Effect of PPS treatment on urinary albumin excretion. Urine (24 h) was collected on days 0, 6, and 12. Urinary albumin excretion increased progressively in ANG II-infused rats (60 ng/min, gray column) compared with control rats (white column). PPS (100 mg·kg⁻¹·day⁻¹, black column) treatment slowed the progression of albuminuria in ANG II rats, but it was still higher compared with control. Values are means ± SE. *P < 0.05 vs. day 0 in same group. †P < 0.05 vs. control rats in the same period of urine collection.

Fig. 7.

Score of α-smooth muscle actin (α-SMA) staining at afferent arterioles.

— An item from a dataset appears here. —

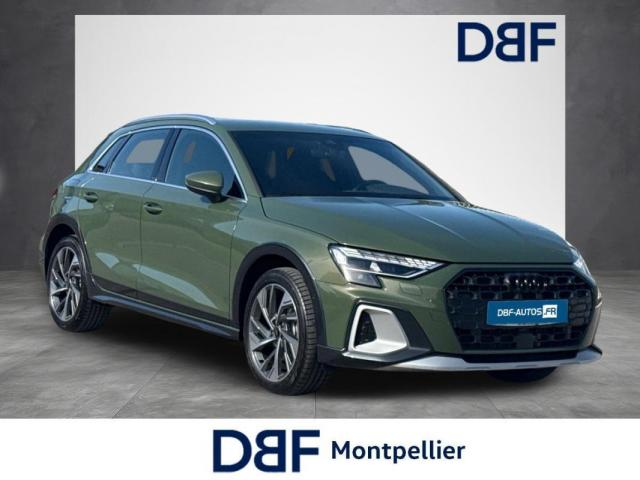 Audi A3 image 8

Semiquantitative evaluation of α-SMA staining (A) revealed that immunostaining of α-SMA in afferent arterioles was significantly increased in ANG II-infused rats compared with that in control rats (P < 0.05), but markedly reduced by PPS (100 mg·kg⁻¹·day⁻¹) treatment to level similar to the control group (P > 0.05). Representative images (B–D) for immunostaining of α-SMA (brown) show strong arteriolar expression in ANG II-rats (C) in contrast to low expression in control (B) and ANG II+PPS (D) arterioles, respectively. Magnification ×40. Scale bars = 100 μm. Values are means ± SE. *P < 0.05 vs. control group. †P < 0.05 vs. ANG II group.